Pero es justamente en los Estados Unidos donde Jobs es considerado el último héroe americano. Ayer, los noticieros de todas las cadenas de televisión dejaron el caso de Amanda Knox (una joven de Seattle, acusada en Italia de asesinar a una compañera de habitación junto a su novio que llevaba cuatro años presa y fue declarada inocente el martes) y se concentraron en seguir las consecuencias de la muerte del creador del mundo Mac, el iPod, el iPhone y el iPad, los íconos más adorados de la revolución tecnológica. El dolor de su esposa Elsie. El temblor de las acciones de Apple. Y hasta la reacción del presidente Barack Obama, quien dejó por un rato la crisis económica para elogiar al gran Steve. Los mensajes llovían en twitter y la tele reproducía las frases emocionadas de 140 caracteres de Ashton Kutcher, Eva Longoria y Jimmy Farrel (una de las estrellas de la trasnoche televisiva), sólo para citar algunas de las estrellas del imperio que se rendían a la memoria del alma mater de Apple Inc.
El respetado The Washington Post comparaba los cambios protagonizados por Jobs y por Bill Gates en las últimas décadas a través de la computación con los que produjeron Henry Ford y por John D. Rockefeller al impulsar la producción de autos en serie y la extracción masiva de petróleo en la Standard Oil en el comienzo del siglo pasado. ¿Exagerado? A algunos podrá parecerles un exceso semejante homenaje a un empresario innovador pero hay que entender el momento especial que vive EE.UU. para apreciar el fenómeno Jobs en toda su dimensión. Steve fue el que planeó que el primer aviso publicitario de la Macintosh en 1984 se emitiera durante la final de un Super Bowl y lo filmara Ridley Scott, aquel de Blade Runner. Desde aquellos comienzos, le viene apuntando a lo más hondo del espíritu americano.
La cuestión en estos días es que la sociedad estadounidense tiene miedo. Tal vez, nunca haya tenido tanto temor en doscientos años ahora que su poderío económico está amenazado por esta crisis financiera que no termina de encontrar su piso. Ni siquiera los atentados del 11 de setiembre con su secuela de terror tocaron tanto sus fibras más íntimas. Sus industriales tienen miedo de perder la carrera tecnológica con los japoneses, los coreanos, los indios o los escandinavos.
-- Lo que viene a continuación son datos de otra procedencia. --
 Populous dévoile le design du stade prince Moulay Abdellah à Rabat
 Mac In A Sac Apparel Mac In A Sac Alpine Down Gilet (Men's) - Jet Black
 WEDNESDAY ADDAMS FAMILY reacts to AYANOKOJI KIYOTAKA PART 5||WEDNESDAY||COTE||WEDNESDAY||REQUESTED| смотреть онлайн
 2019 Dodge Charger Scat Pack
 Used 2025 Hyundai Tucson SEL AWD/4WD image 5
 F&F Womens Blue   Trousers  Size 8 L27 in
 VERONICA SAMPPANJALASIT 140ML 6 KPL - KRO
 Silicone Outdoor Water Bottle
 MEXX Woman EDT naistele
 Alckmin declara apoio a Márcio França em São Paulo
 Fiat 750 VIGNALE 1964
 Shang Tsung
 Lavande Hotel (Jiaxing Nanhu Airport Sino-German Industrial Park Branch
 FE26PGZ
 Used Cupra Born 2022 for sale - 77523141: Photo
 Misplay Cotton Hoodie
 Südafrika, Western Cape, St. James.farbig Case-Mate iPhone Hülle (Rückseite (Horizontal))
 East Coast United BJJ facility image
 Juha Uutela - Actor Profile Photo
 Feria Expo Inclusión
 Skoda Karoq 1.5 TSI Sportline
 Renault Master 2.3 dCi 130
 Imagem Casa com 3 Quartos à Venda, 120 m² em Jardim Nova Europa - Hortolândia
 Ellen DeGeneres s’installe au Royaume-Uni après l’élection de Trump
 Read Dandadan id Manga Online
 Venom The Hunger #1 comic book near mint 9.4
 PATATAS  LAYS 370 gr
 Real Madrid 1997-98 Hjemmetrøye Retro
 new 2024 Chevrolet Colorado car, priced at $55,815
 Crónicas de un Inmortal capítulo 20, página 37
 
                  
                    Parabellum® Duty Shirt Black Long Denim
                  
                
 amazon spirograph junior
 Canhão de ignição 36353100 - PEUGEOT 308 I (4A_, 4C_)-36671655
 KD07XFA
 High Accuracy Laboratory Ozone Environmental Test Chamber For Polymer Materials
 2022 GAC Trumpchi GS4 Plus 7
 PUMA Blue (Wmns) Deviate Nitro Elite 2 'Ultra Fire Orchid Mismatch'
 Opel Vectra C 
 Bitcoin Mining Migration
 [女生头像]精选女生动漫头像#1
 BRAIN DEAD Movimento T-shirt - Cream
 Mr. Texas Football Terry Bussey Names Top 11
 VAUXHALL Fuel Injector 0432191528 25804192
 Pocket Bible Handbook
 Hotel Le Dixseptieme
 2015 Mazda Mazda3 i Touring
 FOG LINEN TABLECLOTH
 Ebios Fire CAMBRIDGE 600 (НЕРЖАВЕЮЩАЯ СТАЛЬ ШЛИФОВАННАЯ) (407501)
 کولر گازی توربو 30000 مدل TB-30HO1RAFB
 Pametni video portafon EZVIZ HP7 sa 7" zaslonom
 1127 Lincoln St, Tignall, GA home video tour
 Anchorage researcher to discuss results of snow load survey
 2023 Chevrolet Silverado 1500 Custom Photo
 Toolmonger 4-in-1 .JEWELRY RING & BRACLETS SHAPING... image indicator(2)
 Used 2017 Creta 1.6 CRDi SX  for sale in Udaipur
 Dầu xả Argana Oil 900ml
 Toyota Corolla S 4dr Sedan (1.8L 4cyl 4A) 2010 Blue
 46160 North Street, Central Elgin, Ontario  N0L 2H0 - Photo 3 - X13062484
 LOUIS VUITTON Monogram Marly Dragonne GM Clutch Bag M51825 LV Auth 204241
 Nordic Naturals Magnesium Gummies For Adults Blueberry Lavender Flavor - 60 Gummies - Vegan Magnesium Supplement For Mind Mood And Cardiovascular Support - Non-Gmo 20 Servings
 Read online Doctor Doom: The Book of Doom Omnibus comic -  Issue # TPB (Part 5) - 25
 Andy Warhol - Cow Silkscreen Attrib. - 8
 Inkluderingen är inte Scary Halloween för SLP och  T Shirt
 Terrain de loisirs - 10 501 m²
Sus economistas tienen miedo de volver a recetar planes económicos que no solucionen sus problemas y hasta que puedan agravarlos. Y sus dirigentes políticos tienen miedo que la combinación inquietante surgida de la debilidad de Obama y la radicalización del Partido Republicano aceleren el cambio más temido. Ese que apareció en un informe reciente del FMI avisando que, si se miden mano a mano los PBIs, la primera potencia económica del planeta a partir de 2016 será China y ya no EE.UU.
Por eso, es que Steve Jobs les había devuelto una esperanza. Esos locales blancos con la manzana como insignia se han convertido en la meca de los jóvenes de este siglo mucho más que los Mc Donalds. Los Apple Store ya están en todo el mundo pero brillan especialmente en los Estados Unidos. Puro vidrio y diseño en Nueva York, justo donde comienza el Central Park. Con el glamour bien latino de la calle Lincoln en Miami o en la cuadra más cool del barrio Georgetown en Washington. Siempre repletos, con la tecnología Mac a precios de clase media alta pero tan al alcance de la mano para tocarlos, para probarlos, para desearlos y para que la crisis les dé un respiro a esos chicos prósperos que sólo piensan en tener su iPod.
La prensa los entrevista en la puerta de los Apple Store. Los jóvenes lloran frente a las cámaras y le agradecen a Jobs alguna anécdota personal de esa nueva religión llamada tecnología. En la vereda de uno de esos templos se amontonan velas, frases de recuerdo y asoma la cara sonriente de Steve impresa sobre la pantalla de un iPad. Todo un símbolo de esta modernidad golpeada por la muerte. Es que el gurú los dejó para siempre y los desolados estadounidenses tienen miedo que con su partida también se haya ido un pedazo demasiado importante del sueño americano.